Moon mining challenge opens new doors

Lunar Outpost enters ROCKET-M into latest NASA challenge Metal Tech News – June 30, 2021

 

Last updated 6/29/2021 at 4:12pm

Lunar Outpost NASA ice mining HIPPO Rover Masten Honeybee challenge moon

Lunar Outpost

ROCKET-M will utilize Lunar Outpost's HIPPO Rover, a rocket engine miner designed by Masten, and a pressurized dome and vacuum system from Honeybee to create a system for sustainable ice mining for future space colonies.

Colorado-based aviation and aerospace company, Lunar Outpost, famed for its $1 sale of moon rocks to the National Aeronautics and Space Administration, is now participating in NASA's Break the Ice Lunar Challenge by harvesting space ice on the surface of the Moon.

As part of a joint entry with Masten Space Systems and Honeybee Robotics, Lunar Outpost has designed "a system architecture to excavate icy regolith and deliver acquired resources in extreme lunar conditions."

The team's entry focuses on the development of the Resource Ore Concentrator using a Kinetic Energy Targeted Mining (ROCKET-M) system and features Lunar Outpost's Heavy In-situ Propellant Production Off-world Rover (HIPPO).

"Mobility is a key component of lunar infrastructure," said Forrest Meyen, chief strategy officer of Lunar Outpost. "The development of ROCKET-M presented an opportunity for us to scale our flight-ready rovers to carry a very unique and groundbreaking ISRU payload." He added that, "very little can happen on the moon without reliable surface transportation."

Lunar Outpost's HIPPO Rover is able to extract and transport 300 kilograms (660 pounds) of ice at a time and will host a 100 pound-force rocket engine, developed by Masten, under a pressurized dome able to blast craters more than two meters below the lunar surface.

Ice displaced by the rocket blast will be drawn up into the dome and funneled through a vacuum-like system, developed by Honeybee, that will separate ice particles from other ejecta and transport it into storage containers.

It is projected that ROCKET-M will be able to mine up to 12 craters per day and produce 100 kilograms (220 pounds) of ice per crater, which amounts to more than 420,000 kg (about 111,000 gallons) of water per year.

As the current costs of transporting payloads from Earth into space – upwards of US$1,500 per kg (2.2 lb) – the ability to dig up local resources for fuel, water, air, and building materials will be essential to the success of future human missions to the Moon, Mars, and beyond.

As we've seen from popular sci-fi shows like "The Expanse," water is and always will be the most important resource to humanity's survival, especially in the unforgiving void of space.

Now, with the potential to sustain a means of gathering this valuable resource, Lunar Outpost will attempt to set another precedent with the first makings of a supply chain for space exploration and habitation.

Lunar Outpost

Lunar Outpost designed its HIPPO Rover to optimize mining efficiency, power and handle the extreme thermal environment of the permanently shadowed regions of the moon where water-ice is believed to remain from events that occurred in the early days of our solar system.
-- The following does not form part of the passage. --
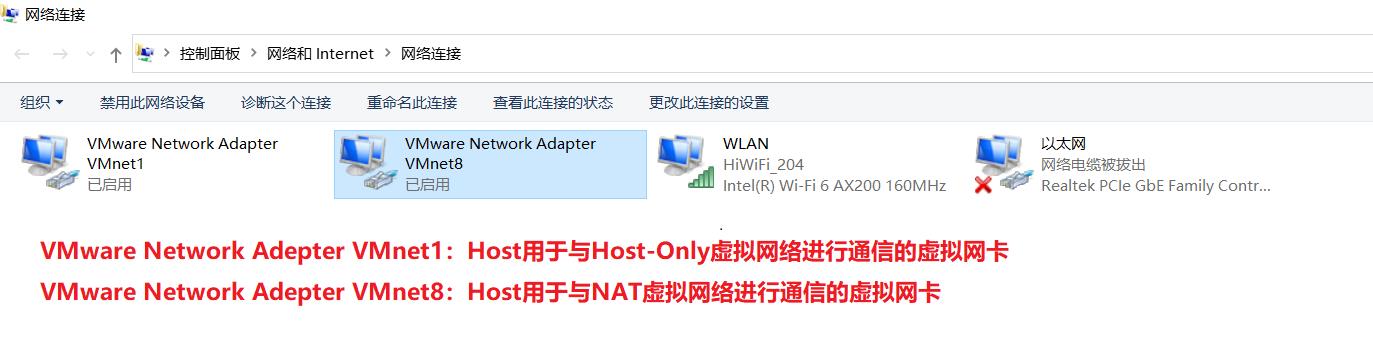 Linux篇一：使用VMware搭建linux环境 - 文章图片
Despite being a dust-tolerant workhorse, the rover's top speed of 3.45 kilometers per hour (2.14 miles per hour) makes it blistering fast for an autonomous rover.

"Speed matters when the resources need to be repeatedly delivered over three kilometers from the extraction site," said Pete Wilson, systems engineer at Lunar Outpost. "The drivetrain required significant engineering effort to balance speed, torque, power, mass, and the ability to traverse the challenging lunar craters."

This challenge represents an important opportunity for Lunar Outpost, but more importantly, a history making moment of pushing the boundaries of space exploration for humankind, by providing one of the key resources necessary for a space economy to thrive and humanity to one day live throughout the galaxy.